Non-consultation participants were allocated complex (Group 4) or placebo (Group 5); individualized homeopathy can only be prescribed through a consultation.
This study has not disclosed the homeopathic remedies given to Group 1 patients. it says nothing about (group 6) the pill pushers who organized this debacle.
Or (Group 7) the homeoapths. So here comes the homeopath who’s been asked to participate in a study on the effectiveness of homeopathy, and he finds that every one of these people are on racketeceuticals, and they’re having problems with blood clotting, they’re having heart attacks and strokes, kidney problems, they’re puffy from fluid retention, liver damage, and some are having potentially lethal stomach bleeding.

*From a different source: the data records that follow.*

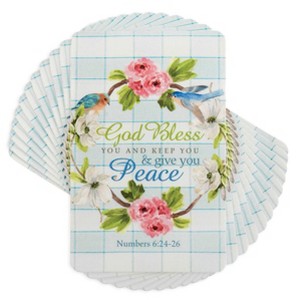 Dicksons God Bless You Keep Peace Floral 4 inch Paper Pocket Card Bookmark Pack of 12 - 1 of 4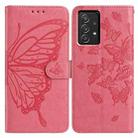 For Samsung Galaxy A52 Butterfly Flutter Pattern Embossed Leather Phone Case(Rose Red) - 1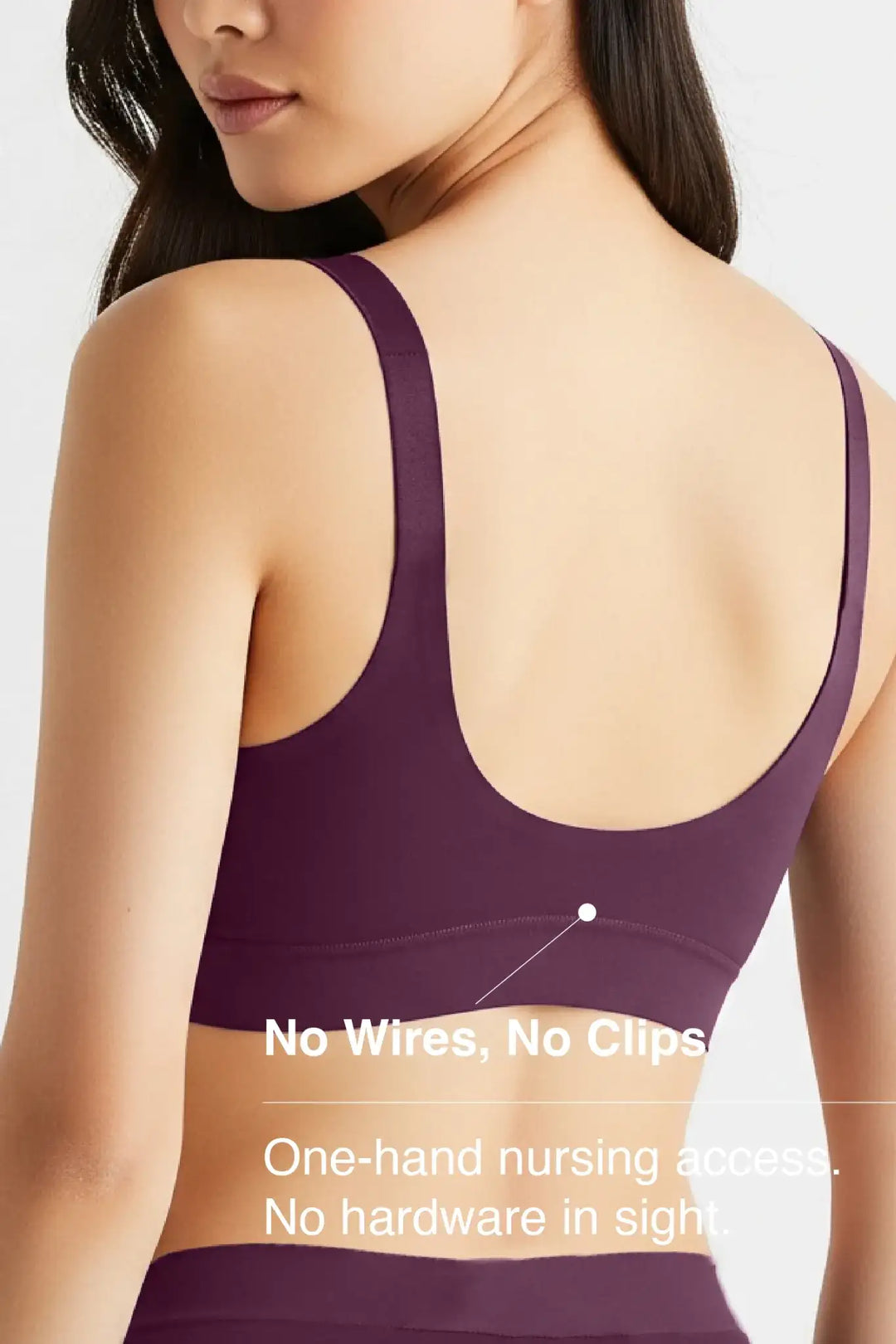 V-Neck Maternity Bamboo Bra – Plum Purple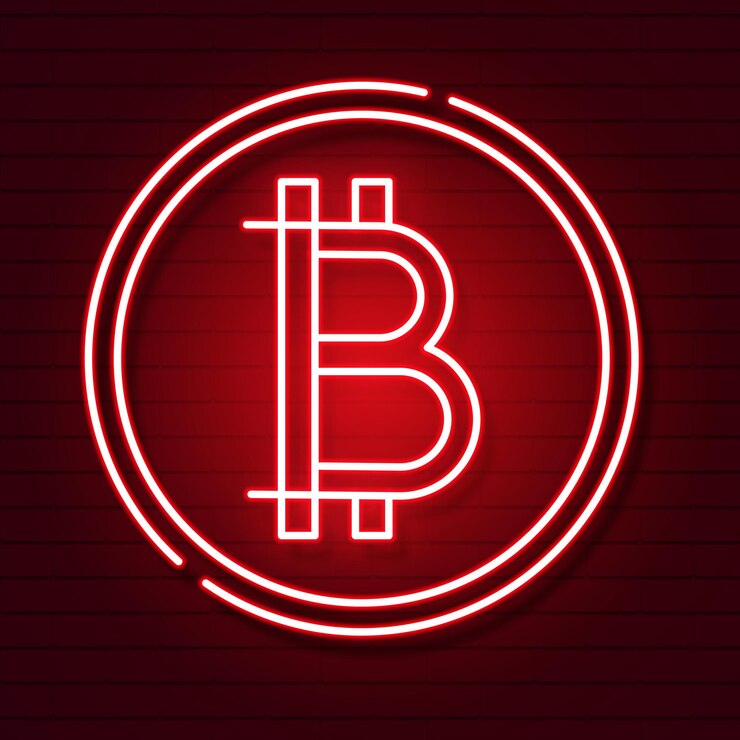 Símbolo de Bitcoin de neón aislado sobre fondo negro.Efecto de luz. Dinero digital, concepto de tecnología minera. Icono de vector.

Did the individual consultations focus on totality of symptoms as presented by the patient or the clinical diagnosis as presented by Group 1, or the clinical daignosis as presented by Group 6? Just what was Group 1 given as a result of consulation? A bottle of whiskey and a couple of tickets to a good cage fight. Or how about a carefully folded note that says, “Run for your life.”
Statistically tt appears that Group 6 had a regression to the mean . . mean spirited that is.
So the challenge to Ernst and the Evil Empire still remains after all this time. Provide one trial that proves homeopathy is a “placebo.”
In the meantime, next time you get rheumatoid arthritis, go to a homeopath before the Vioxx pushers get their hands on you, or you might end up in a study like the one ISayISaw regurgitated here. Unless of course you want your heirs to collect on the settlement.
It might save yo a lot of money, time, pain and an early grave.
You know, I bet the people who wrote the Brien “human science experiment” take rulers to bed with them to see how long they sleep. I bet the real facts in this report could have been written on a piece of confetti. I bet they’re so stupid that if we gave them a goldmedal for it they’d have it bronzed.
They’re so stupid that if . . your thoughts go here:__.